• [EXERCISE REQUIREMENTS]:
With the pictures omitted, set down exactly the lines from the one that contains "MO Arsala II" through the last line of the data.

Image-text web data
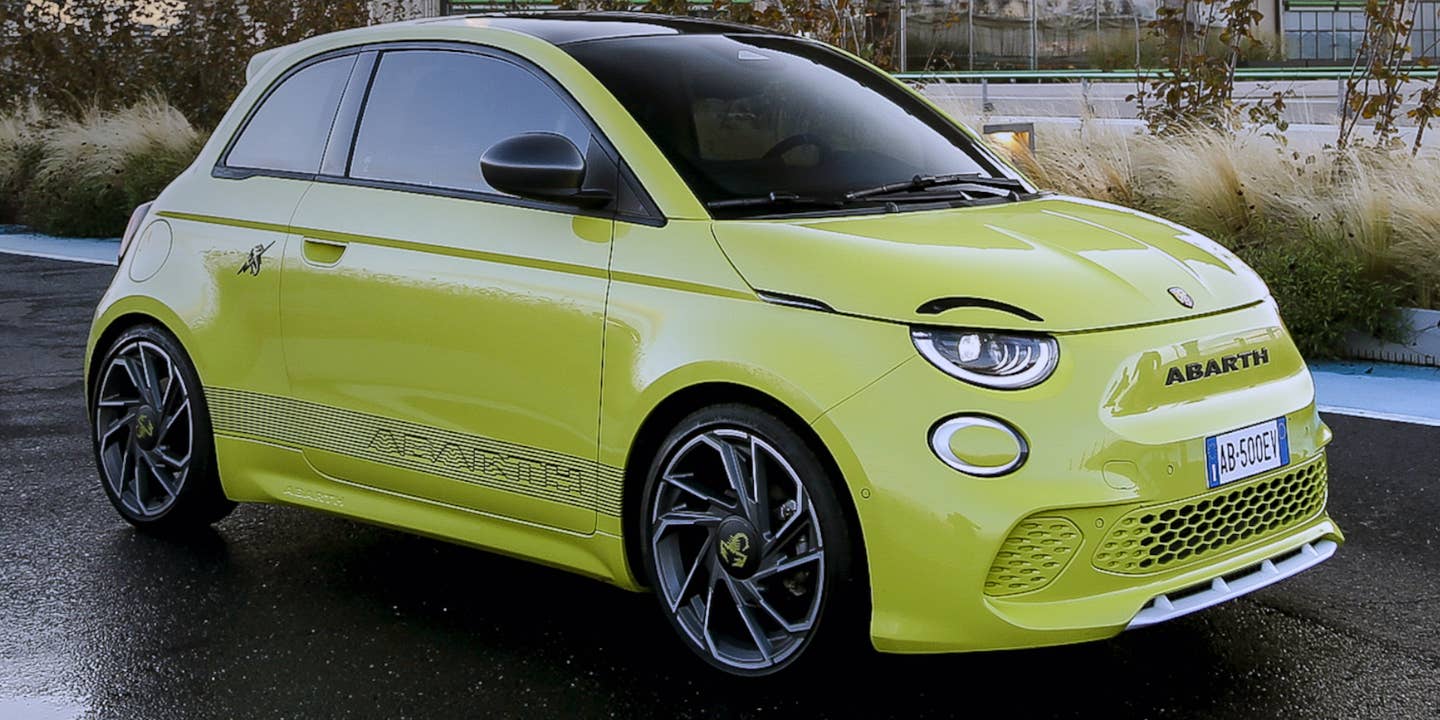 2023 Fiat Abarth 500e: The Angry Little Hot Hatch Goes Electric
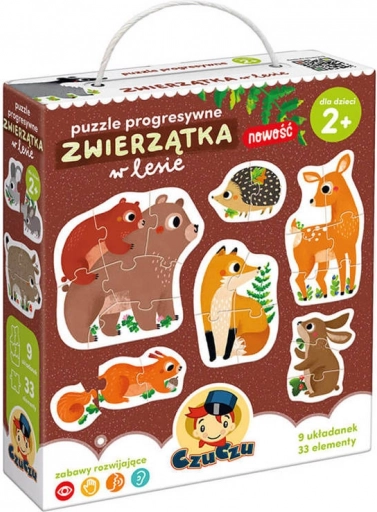 CzuCzu progresivne puzzle Šumske životinjice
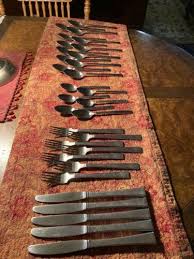 31 Pcs SWENDIA Fine Stainless Steel Flatware Used In Good ...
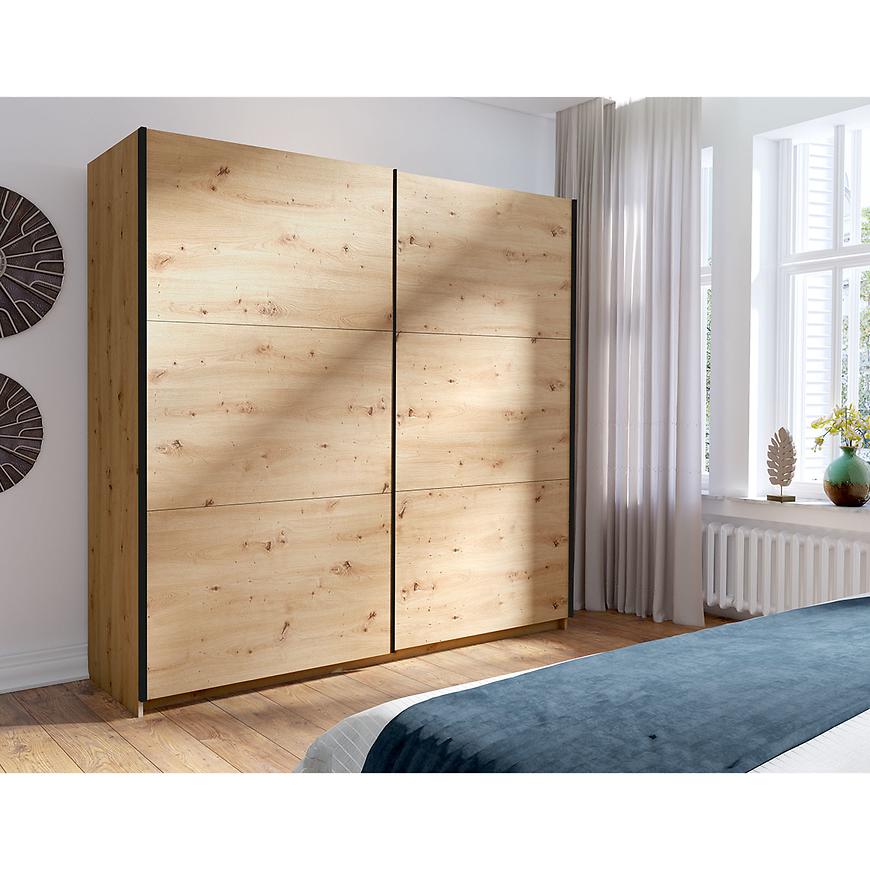 MO Arsala II Sliding Wardrobe 200 cm– Artisan Oak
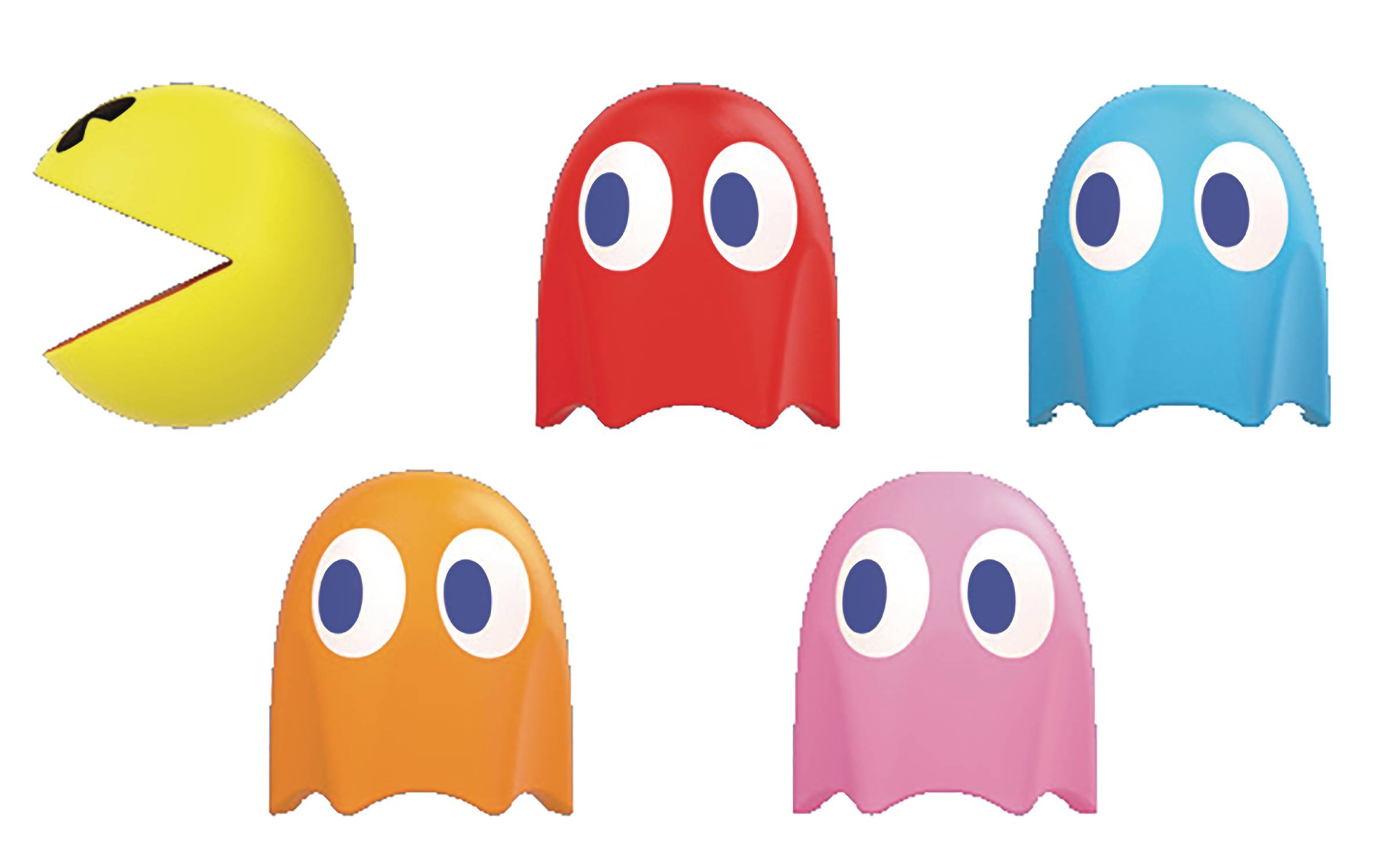 PAC-MAN characters now are now cable mascots; affix them to your USB cables...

• [EXERCISE OUTPUT]:
 MO Arsala II Sliding Wardrobe 200 cm– Artisan Oak
 PAC-MAN characters now are now cable mascots; affix them to your USB cables...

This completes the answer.